Nowadays size is not so much of a goal for me so I don't keep it light all the time. I mix it up.
For me there are only four main exercises: squats, dips, pullups and pushups. Everything else in the bodyweight arena is a variation of one of these. I'm talking about exercises here, not necessarily skills. And there are about a million variations. This is a good thing.
For about 2 months I did this every day (you need to build up to this):
10 pullups, 12 dips, 25 squats, 15 pushups (usually Russian, sometimes diamond) as one superset - go from one exercise to the next with little rest between the exercises but as much rest as you need after the 4th in the series. Repeat this 8 times a day, either all in one session or broken up throughout the day. All together it takes about 40 minutes but you'll sweat and therefore can't really do it in office clothes. 2, 2, 2, 2 can be done in office clothes, even a tie. I built a LOT of strength on this but not much size. Which is fine; it's a foundation.
The last few days I've been doing this, or something like it, each day (this is my "high reps low weight" approach):
Regular pushup - 40
Russian pushup - 30
Diamond pushup - 25
Dip - 18
Close dip - 12
Tricep press - 20
Knee pushup - 35
Wall press - 50
Squat - 50
Close foot 3 second pause squat - 25
5 second pause squat - 12
Alternating lunge - 10
Bodyweight "Deadlift" - 8
Pistol squat - 4
10 second pause squat - 6
Assisted squat - 50
T Bar Row - 50
Full weight body row wide - 25
Full weight body row narrow - 20
Neutral grip pullup - 15 (ok form, not strict)
Narrow grip pullup - 14
3" pause narrow pullup - 6 (strict)
TBar type of row - 40
Curl type of row - 30
This looks like a lot but it's one day's workout and takes, again, about 40 minutes. A few weeks in a row of this and you WILL get bigger. If that's what you want. (Build up to it. I've been doing this for years.)

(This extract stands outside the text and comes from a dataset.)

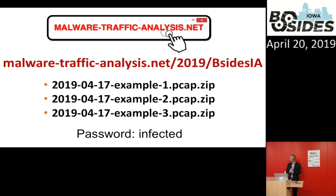Thank you very much for coming to my presentation.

For a while I was doing a variation where I would try to take as long as I could to do three reps of each exercise. Here's my max:
Pushup: 51 seconds (one set of 3 reps)
Squat: two minutes and 7 seconds
Dip: 36 seconds
Pullup: 26 seconds
This is TOUGH. I will go back to this soon to try and beat it. If you want to see how it might compare to doing lots of sets and reps in terms of strength and size, you can read about Time Under Tension. I don't read much technical stuff; I prefer to try things and see how it feels and see what works.